82 portraits and 1 Still-life
November 10, 2017–February 25, 2018
Curated by Edith Devaney
Exhibition organized by the Royal Academy of Arts, London, in collaboration with the Guggenheim Museum Bilbao
The Guggenheim Museum Bilbao is pleased to present David Hockney: 82 Portraits and 1 Still-life, an exhibition featuring a remarkable new body of work in which the British artist returns to portraiture with a renewed creative vigor, offering an intimate snapshot of the LA art world and the people who have crossed his path in recent years.
After the monumental and highly successful landscape exhibition David Hockney: A Bigger Picture at the Guggenheim Museum Bilbao in 2012, the artist turned away from painting and his Yorkshire home and returned to Los Angeles. He was recovering from a very difficult series of events, including a minor stroke, and he did not paint for some time, which was unusual for him. Little by little, he became reacquainted with the quiet contemplation of portraiture, and in the summer of 2013 he painted the first of what was to become a collection of over 90 portraits, 82 of which can be seen in this exhibition.
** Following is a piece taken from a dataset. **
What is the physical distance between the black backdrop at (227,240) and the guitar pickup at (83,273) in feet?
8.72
Hockney views these portraits collectively as a single body of work. The installation in near-chronological order permits another psychological study: that of the artist himself. His own emotional state seems to lighten throughout the series, as does his conviction in the format and medium. His subjects—all chosen from among his friends, family, and acquaintances—include studio staff, fellow artists such as John Baldessari, and curators and gallerists like Larry Gagosian.
“Celebrities are made for photography,” says Hockney. “I don’t do celebrities, photography does celebrities. My friends are my celebrities.” Each depiction—the result of intense scrutiny—becomes a kind of psychological exploration.
Each work is the same size and shows the sitter in the same chair, illuminated by the bright, expansive light of southern California against the same vivid blue background. All were painted in the same time frame of three days.
Thanks to Hockney’s virtuoso paint handling, the uniformity of the key elements in each painting underscores the differences between the sitters, allowing their personalities to leap off the canvas with warmth and immediacy. In this exhibition, Hockney has created an intense, immersive installation that reexamines the role of the painted portrait in an age when selfies and photo-portraits have proliferated in social media. The only non-portrait in the show, a Still-life, was created when one sitter was unable to make his appointment and the artist, primed and ready to paint, decided to portray what was available in his studio, a selection of fruit and vegetables.